The hidden museums of UC Davis

JAY GELVEZON / AGGIE
JAY GELVEZON / AGGIE

Learn more about your campus museums

With the grand opening of the Manetti Shrem Museum, other on-campus museums may have been overlooked. Here’s a short list of other UC Davis museums, whose focuses range from insects to activism to design.

 

Bohart Museum

Many UC Davis students may not know about the unconventional Bohart Museum.

“People find us by accident,” said Lynn Kimsey, the Bohart Museum director. “Everybody in the Sacramento Valley area with a kid knows about us, and almost nobody on campus does. I can’t explain it. It’s hard to become well-known on campus.”

Insects may not be everyone’s favorite topic, but the Bohart Museum, UC Davis’ museum of entomology, might be able to change that.

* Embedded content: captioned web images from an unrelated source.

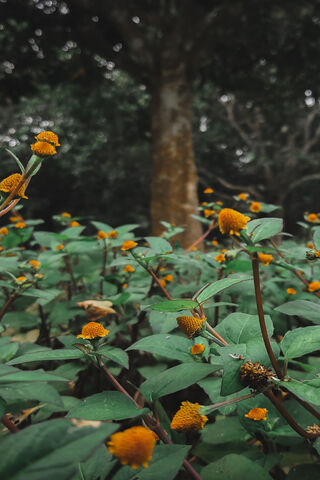 Little Flowers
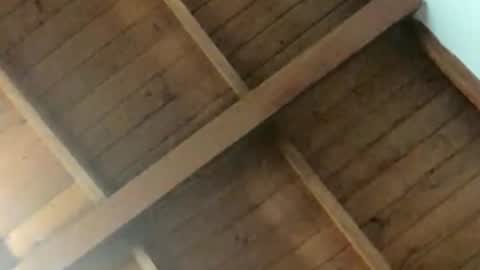 camisexy1 online show from May 5, 3:24 am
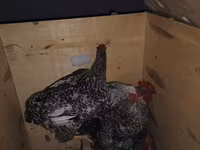 Chickens — Foto 3
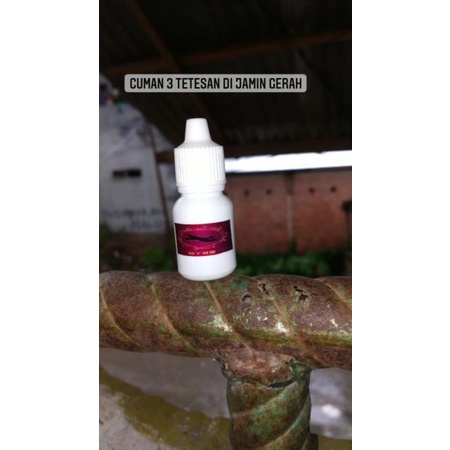 minyak oles dewa jepang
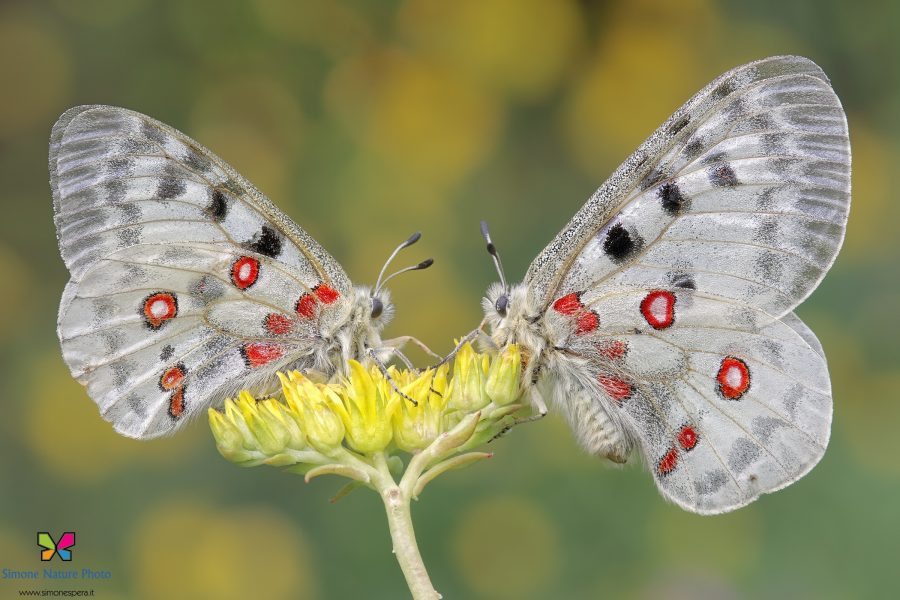 Parnassius apollo (Linnaeus, 1758)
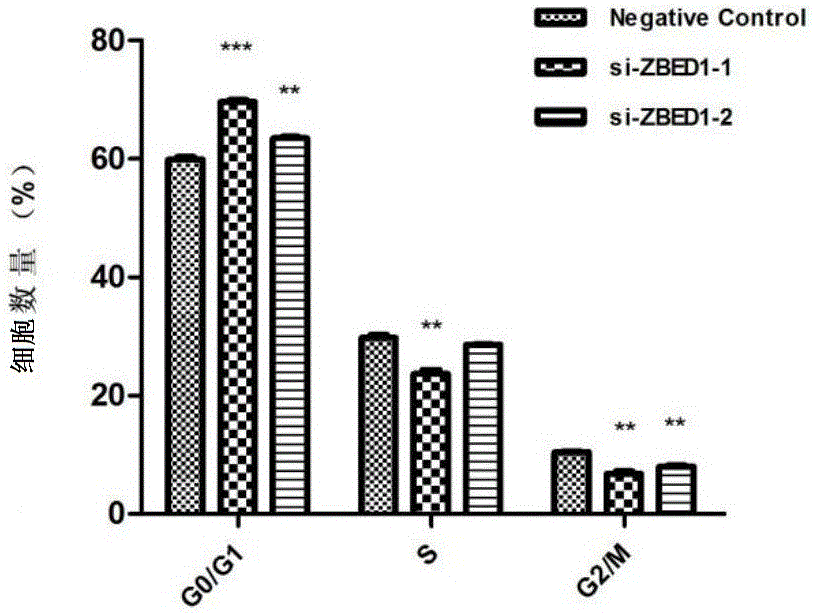 一种能够特异性抑制ZBED1基因的siRNA的构建方法及其应用与流程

Researchers at the museum dedicate themselves to teaching people about the importance of insects in ecosystems.

museums_ar_Jay_Gelvezon2Upon entering the facility, one will notice that it resembles more of a research platform than a typical museum setting — because that is exactly what it is.

“We are a research museum, meaning we have specimens that are collected all over the world by various people,” Kimsey said. “One thing that’s different about us is that this is probably the only insect collection in the world that invites the public into the collection.”

The museum contains about 7 to 8 million specimens of terrestrial arthropods that are in some part open to the public. Given the stigma surrounding insects, one of the museum’s primary goals is to educate people — especially youth — and serve the campus community.

“One of our real strong emphases here is to educate people — to show them in a very harmless and careful way exactly how important insects are, how [they can be] dangerous or not, how we can live with them and really can’t live without them,” Kimsey said.

The Bohart Museum not only displays an immense collection of pinned insects, but it also allows guests to interact with live ones as well.

“We have a petting zoo, that’s what we call it,” Kimsey said. “We have kids come here. We hold the animals out to them to make them feel comfortable.”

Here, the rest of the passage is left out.